Solidarisiert hat sich die Bewegung zudem mit Besetzungsaktionen wie jener im deutschen Hambacher Forst, wo sich Klimaaktivisten während Jahren für die Erhaltung eines kleinen Waldstückes einsetzen und teilweise auch Gewalt eingesetzt wird. Die Kampagne wurde vom deutschen Bundesamt für Verfassungsschutz als linksextremistisch beeinflusst bezeichnet.
Jurist: Ein Klimanotstand gibt es rechtlich nicht
Auch dieses Jahr will die Klimastreik-Bewegung voll auf das Mittel des zivilen Ungehorsams setzen. So heisst es in der Strategie, welche sie Anfang dieses Jahres veröffentlicht hat: «Um eine Atmosphäre der Veränderung zu fördern, braucht es nun massenhaften kollektiven Ungehorsam.» Als Grund wird häufiger der Klimanotstand genannt. So sagte zum Beispiel eine Klimastreikende im Gespräch mit der Republik, «bis ein mögliches Klimagesetz nach unseren Vorstellungen in der Verfassung stünde, würden Jahre vergehen. Zeit, die wir nicht mehr haben. Das hätte man vor 30 Jahren angehen müssen».

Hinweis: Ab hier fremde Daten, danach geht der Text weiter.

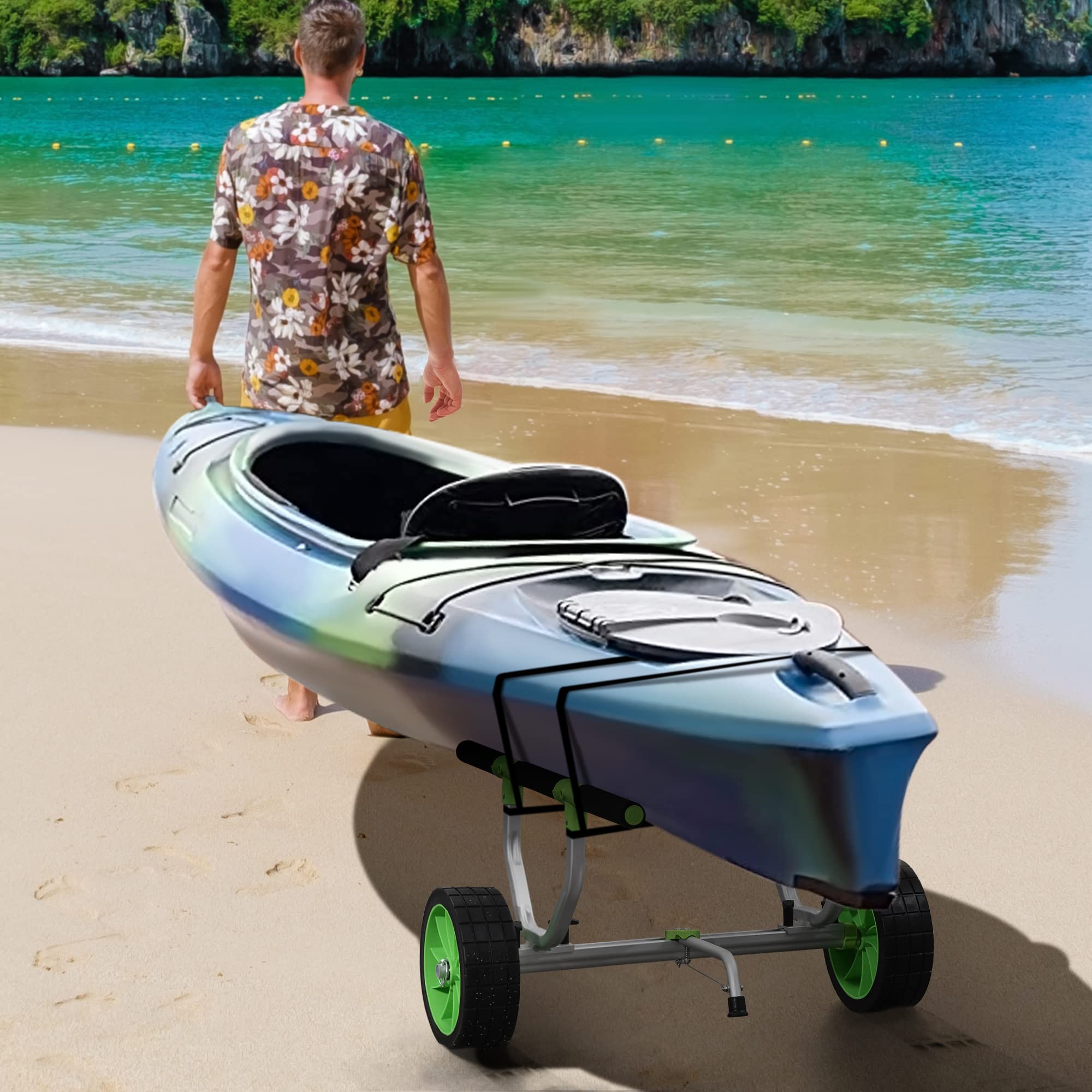 SPORTNOW Chariot de Transport pour Kayak, Stand-up Paddle, canoë avec Largeur réglable, Grandes Roues et Cadre en Aluminium - 2 Sangles fournies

Rechtlich sehe die Schweizer Verfassung einen Klimanotstand nicht vor, sagt Patrice Martin Zumsteg, Dozent für öffentliches Recht an der ZHAW. «Die Schweizer Verfassung schützt strafrechtliche Handlungen nicht, nur weil jemandem der rechtliche Weg zu lange dauert», sagt er. Es bräuchte vielmehr eine unmittelbare Gefahr, etwa für Leib und Leben, um strafrechtliche Handlungen rechtfertigen zu können, wie zum Beispiel auch für die Rechtfertigung der Notwehr. «Die Bedrohung durch die Klimaveränderung steht jedoch nicht unmittelbar bevor, es wird vielmehr je nach Verlauf noch mehrere Generationen dauern, bis die Bedrohung wirklich greifbar ist.»

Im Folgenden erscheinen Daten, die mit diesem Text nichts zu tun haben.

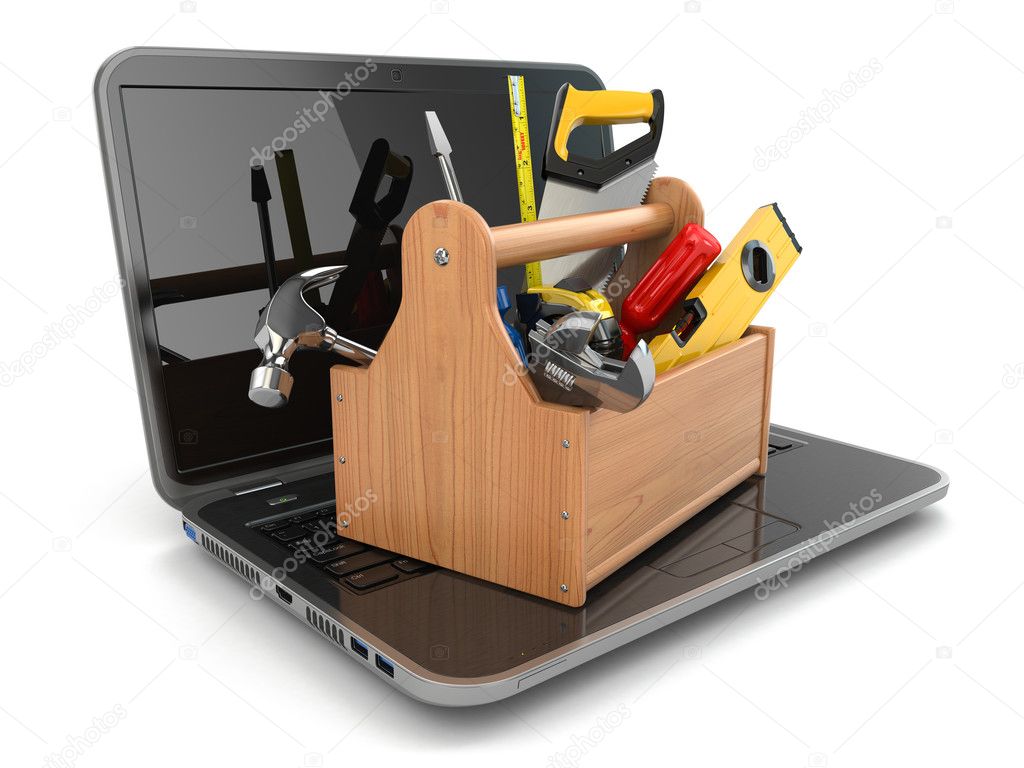 Online support. Laptop and toolbox.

Mehrere kantonale Gerichte entschieden aber anders. So sprach das Genfer Kantonsgericht im Oktober 2020 einen jungen Aktivisten frei, nachdem er ein CS-Gebäude mit abwaschbarer Farbe verschmiert hatte. Das Gericht machte den rechtfertigenden Notstand geltend.

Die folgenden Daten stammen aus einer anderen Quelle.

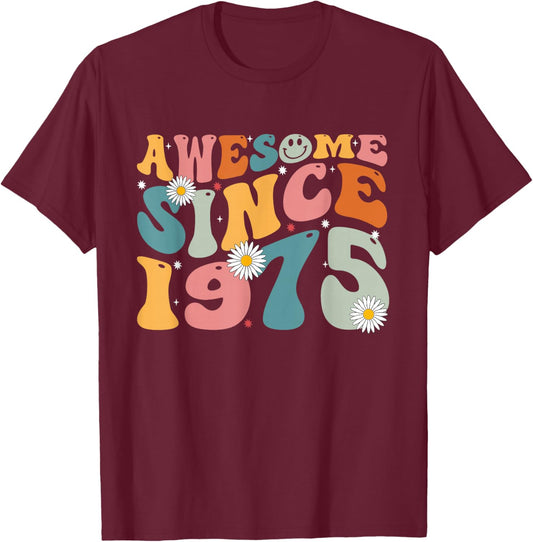 Awesome Since 1975 50th Birthday Retro Gifts Born in 1975 T-Shirt - T-Shirt | Maroon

In einem anderen Fall im Waadt wurden hingegen der Freispruch von angeklagten Klimaaktivisten, die in einer CS-Filiale Tennis spielten, in zweiter Instanz wieder aufgehoben. Patrice Martin Zumsteg ist sich sicher, dass schlussendlich das Bundesgericht darüber entscheiden wird, inwieweit die Klimaveränderung zivilen Ungehorsam rechtfertigen kann. «Es ist allgemein bekannt, dass die Klimabewegung vermehrt zu solchen Aktionen greift, da wird das Bundesgericht eine einheitliche Rechtsprechung durchsetzen wollen», sagt Zumsteg.
Für Zumsteg ist jedoch auch klar: Die Verfassung sieht den politischen Weg über Initiative und Referendum vor, um Ziele wie die der Klimabewegung durchzusetzen. Beim CO₂-Gesetz hätten Klimaaktivisten ja auch das Referendum unterstützt.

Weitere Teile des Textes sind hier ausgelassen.